Meet Cryptelo: The Unbreakable Dropbox
Cryptelo joins StartupYard as few companies do, with a fully launched product and existing customers. Founded in 2014, Cryptelo is an end-to-end secure file storage and messaging platform, offering a measure of protection unparalleled by the major file storage, transfer, and communication platforms.
Cryptelo, originally targeted at security conscious consumers, has shifted its focus toward organizations with highly sensitive data, and a need to make controlled access to that data readily available, and totally safe. Already becoming a favorite among the Czech legal community, Cryptelo is poised to challenge big storage providers by offering first-in-class protection against all manner of cyber-attacks, including physical penetration. To do this, they’ve recruited one of the world’s leading cryptologists, Vlastimil Klima, who was among the first to crack the SSL protocol, the security relied upon by the world’s banks.

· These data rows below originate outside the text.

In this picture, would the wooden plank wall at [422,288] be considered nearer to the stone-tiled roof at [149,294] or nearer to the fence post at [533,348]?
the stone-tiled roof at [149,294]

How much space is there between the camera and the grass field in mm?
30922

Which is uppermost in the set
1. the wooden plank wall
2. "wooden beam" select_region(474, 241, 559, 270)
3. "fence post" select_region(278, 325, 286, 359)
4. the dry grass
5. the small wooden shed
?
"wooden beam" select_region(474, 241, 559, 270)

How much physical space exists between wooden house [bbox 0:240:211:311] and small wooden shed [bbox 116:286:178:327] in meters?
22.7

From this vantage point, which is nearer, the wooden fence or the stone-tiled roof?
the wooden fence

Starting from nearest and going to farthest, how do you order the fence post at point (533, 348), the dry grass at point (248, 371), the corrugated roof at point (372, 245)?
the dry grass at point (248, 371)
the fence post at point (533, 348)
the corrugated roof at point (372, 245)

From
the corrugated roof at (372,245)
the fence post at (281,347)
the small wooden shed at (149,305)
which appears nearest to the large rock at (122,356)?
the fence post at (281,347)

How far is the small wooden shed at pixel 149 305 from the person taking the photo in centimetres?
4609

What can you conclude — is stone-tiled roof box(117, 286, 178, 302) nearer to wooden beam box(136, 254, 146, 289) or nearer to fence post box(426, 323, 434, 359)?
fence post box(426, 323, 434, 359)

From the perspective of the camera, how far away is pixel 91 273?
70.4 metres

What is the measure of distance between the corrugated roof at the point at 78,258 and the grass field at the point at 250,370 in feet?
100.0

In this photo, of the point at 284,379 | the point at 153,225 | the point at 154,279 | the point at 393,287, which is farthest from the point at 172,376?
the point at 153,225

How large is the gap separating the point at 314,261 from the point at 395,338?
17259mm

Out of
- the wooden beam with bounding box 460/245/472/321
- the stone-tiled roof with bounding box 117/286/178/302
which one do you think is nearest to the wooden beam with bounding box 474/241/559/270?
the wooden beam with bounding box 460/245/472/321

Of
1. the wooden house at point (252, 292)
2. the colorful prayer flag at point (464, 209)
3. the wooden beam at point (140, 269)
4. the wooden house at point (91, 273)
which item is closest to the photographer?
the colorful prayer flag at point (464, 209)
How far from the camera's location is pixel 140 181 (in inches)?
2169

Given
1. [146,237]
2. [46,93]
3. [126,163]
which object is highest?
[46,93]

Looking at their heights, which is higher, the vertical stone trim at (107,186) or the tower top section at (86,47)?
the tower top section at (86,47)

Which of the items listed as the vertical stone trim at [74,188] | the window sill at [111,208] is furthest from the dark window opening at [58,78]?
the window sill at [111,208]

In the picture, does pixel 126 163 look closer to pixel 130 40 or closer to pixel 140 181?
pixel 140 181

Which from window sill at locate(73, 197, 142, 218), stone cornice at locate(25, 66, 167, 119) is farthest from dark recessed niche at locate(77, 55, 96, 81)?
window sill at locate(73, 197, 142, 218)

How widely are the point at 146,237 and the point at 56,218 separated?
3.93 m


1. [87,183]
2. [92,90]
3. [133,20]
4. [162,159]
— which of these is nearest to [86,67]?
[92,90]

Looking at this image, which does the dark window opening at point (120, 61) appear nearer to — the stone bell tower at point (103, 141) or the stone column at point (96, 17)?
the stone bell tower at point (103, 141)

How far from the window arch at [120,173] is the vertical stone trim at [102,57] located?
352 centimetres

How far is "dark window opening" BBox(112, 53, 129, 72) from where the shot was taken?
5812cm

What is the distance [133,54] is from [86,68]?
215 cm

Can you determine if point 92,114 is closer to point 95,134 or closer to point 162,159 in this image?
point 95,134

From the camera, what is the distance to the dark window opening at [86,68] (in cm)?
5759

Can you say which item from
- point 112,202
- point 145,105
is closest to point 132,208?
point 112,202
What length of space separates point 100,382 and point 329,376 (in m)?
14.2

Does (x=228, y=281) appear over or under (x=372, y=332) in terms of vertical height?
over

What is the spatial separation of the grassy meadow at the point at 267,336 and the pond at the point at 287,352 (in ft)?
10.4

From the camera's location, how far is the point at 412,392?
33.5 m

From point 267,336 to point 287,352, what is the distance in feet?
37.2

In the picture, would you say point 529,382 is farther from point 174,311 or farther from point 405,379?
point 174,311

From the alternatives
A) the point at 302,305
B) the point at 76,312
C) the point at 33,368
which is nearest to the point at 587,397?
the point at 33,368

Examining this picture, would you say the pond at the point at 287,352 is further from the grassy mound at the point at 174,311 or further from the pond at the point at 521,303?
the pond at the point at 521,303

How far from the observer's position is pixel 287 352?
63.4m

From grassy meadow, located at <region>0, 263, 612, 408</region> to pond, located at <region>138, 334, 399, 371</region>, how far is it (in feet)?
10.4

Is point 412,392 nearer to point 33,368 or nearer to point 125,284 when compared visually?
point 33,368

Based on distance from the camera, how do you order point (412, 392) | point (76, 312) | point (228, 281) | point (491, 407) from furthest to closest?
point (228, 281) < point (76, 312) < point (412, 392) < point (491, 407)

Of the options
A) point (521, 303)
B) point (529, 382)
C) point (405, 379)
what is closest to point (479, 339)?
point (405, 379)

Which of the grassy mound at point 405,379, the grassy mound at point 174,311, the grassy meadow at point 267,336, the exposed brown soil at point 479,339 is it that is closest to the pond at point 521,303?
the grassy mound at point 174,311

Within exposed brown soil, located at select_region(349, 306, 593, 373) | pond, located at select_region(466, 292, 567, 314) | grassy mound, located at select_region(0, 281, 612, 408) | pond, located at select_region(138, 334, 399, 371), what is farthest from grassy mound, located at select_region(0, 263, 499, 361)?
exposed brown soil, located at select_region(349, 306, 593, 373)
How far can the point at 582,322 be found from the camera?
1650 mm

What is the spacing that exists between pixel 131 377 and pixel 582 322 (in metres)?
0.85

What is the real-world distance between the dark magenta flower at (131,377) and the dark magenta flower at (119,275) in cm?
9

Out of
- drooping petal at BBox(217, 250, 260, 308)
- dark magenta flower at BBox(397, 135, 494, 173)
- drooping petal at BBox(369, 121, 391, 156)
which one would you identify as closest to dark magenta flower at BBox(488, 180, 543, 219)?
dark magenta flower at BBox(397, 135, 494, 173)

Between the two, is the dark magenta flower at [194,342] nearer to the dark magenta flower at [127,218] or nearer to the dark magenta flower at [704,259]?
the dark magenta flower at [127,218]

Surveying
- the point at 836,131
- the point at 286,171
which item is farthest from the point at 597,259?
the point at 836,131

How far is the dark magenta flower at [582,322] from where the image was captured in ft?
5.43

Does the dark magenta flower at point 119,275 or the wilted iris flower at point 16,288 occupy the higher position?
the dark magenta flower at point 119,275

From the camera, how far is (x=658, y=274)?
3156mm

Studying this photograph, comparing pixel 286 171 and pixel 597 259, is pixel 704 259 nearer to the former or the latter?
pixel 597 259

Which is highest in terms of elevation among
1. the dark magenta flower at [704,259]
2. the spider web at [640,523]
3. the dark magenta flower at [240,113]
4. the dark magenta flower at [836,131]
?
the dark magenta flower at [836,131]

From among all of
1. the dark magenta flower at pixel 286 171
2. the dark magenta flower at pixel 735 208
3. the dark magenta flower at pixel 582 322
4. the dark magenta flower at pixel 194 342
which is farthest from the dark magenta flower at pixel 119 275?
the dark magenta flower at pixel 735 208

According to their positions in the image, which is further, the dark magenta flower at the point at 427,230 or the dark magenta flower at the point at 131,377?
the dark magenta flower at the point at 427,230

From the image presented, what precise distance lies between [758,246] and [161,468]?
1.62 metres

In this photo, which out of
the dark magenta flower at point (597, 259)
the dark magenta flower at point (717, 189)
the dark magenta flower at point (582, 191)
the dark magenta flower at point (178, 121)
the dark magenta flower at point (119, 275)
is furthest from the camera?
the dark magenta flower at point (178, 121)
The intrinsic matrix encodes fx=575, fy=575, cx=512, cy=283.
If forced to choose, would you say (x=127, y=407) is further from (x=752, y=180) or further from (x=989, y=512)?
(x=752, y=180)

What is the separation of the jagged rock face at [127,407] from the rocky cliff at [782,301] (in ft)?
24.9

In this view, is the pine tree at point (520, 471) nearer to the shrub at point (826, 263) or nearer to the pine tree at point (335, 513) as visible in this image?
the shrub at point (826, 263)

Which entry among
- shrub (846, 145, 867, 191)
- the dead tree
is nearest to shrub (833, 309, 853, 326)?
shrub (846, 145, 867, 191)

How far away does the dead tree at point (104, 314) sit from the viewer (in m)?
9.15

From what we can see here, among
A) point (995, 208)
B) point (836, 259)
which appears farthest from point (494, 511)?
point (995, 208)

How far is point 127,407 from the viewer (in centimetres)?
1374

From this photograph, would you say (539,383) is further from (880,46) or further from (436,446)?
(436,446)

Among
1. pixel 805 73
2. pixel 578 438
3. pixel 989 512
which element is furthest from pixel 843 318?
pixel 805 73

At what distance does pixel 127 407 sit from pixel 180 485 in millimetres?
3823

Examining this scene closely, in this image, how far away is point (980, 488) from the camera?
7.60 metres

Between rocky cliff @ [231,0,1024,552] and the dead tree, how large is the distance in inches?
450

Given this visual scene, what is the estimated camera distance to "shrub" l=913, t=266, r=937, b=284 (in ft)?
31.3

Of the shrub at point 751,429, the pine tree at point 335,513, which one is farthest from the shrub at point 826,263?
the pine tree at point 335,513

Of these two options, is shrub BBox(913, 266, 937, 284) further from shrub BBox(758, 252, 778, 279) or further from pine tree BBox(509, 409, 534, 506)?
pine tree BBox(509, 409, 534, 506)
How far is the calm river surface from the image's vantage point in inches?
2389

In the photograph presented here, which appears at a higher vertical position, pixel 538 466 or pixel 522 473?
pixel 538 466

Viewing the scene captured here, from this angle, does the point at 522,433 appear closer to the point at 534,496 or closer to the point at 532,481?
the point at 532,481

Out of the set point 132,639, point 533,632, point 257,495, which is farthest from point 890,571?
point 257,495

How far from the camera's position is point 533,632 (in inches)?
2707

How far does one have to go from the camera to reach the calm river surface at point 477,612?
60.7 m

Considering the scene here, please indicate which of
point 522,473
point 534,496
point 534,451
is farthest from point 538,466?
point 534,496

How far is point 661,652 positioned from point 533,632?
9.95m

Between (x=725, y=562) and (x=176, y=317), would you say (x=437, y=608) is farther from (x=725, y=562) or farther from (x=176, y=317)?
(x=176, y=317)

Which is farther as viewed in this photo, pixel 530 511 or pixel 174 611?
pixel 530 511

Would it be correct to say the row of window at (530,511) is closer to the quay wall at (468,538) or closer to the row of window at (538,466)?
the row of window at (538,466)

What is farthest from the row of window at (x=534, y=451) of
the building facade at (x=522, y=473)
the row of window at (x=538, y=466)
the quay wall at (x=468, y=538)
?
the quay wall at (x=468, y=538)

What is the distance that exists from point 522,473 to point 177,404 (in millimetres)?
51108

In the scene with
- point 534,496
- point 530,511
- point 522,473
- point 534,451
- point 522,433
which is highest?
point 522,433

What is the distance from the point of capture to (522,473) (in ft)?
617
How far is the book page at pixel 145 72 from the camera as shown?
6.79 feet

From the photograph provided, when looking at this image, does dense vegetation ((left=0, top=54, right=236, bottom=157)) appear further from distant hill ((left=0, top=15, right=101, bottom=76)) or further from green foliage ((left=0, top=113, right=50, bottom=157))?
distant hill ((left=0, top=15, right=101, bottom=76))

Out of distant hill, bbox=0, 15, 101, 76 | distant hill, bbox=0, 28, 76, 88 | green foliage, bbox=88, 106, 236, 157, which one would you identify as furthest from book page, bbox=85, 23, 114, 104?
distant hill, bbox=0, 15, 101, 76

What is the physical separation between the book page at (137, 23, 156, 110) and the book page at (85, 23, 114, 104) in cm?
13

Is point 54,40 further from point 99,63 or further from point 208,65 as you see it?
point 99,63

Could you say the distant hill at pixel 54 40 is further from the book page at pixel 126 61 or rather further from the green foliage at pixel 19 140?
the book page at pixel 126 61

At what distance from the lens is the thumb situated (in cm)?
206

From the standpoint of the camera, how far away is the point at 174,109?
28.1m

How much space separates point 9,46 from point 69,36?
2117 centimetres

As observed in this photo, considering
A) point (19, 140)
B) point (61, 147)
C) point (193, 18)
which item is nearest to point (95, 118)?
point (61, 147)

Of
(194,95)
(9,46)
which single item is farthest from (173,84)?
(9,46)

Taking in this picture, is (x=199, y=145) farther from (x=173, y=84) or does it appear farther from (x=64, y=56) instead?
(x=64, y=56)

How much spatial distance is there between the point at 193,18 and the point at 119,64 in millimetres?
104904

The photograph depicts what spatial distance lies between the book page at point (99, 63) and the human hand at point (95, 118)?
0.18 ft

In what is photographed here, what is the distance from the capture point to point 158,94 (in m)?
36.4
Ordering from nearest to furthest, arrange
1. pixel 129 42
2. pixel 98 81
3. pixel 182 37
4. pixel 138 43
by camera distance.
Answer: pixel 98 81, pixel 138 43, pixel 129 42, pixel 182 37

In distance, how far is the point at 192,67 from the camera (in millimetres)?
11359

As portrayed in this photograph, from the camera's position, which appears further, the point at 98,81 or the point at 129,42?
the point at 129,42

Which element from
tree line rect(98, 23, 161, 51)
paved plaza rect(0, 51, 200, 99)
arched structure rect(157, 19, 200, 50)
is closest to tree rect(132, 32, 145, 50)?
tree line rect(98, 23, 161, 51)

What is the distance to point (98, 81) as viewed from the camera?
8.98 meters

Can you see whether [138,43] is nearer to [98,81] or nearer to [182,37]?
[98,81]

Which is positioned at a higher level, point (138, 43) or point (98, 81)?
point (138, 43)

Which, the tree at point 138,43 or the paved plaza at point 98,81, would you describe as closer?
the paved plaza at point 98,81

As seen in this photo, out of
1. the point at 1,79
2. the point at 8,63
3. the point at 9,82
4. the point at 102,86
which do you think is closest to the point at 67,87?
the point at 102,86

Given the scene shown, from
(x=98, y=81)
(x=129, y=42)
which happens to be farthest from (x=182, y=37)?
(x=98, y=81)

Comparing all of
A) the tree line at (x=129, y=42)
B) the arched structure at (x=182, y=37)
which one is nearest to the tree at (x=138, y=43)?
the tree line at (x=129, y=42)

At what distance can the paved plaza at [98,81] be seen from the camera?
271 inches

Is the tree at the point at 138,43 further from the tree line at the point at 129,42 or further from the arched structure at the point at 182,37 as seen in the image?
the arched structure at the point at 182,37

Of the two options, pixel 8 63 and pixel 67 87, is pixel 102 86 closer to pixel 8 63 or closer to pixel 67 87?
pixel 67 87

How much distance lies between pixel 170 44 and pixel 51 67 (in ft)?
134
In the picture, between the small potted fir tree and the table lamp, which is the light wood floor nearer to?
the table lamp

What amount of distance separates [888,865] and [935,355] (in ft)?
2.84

I caught up with Founder and CEO Martin Baros, to talk about his technology, and his vision for Cryptelo.
Hi Martin, Cryptelo is a very ambitious project; solving cloud storage security is something the biggest players haven’t really tackled. What made you want to do it?
My personal experience has taught me how important security really is. Years ago, I was hacked, and my intellectual property was stolen. That cost my company over 2 million CZK (about 100,000 Euros).
It was not fair. It felt like a violation- and that’s a common feeling for victims of theft. I blamed myself, but in time, I came to see that people are really being set up to fail when it comes to digital security. Someone, somewhere, decided that security doesn’t sell, and that’s not right. I set out to change it.
So I decided to create my own solution. This was the start of Cryptelo. I believe that no matter how big your company is, you should have an accessible tool for great security to keep your documents yours.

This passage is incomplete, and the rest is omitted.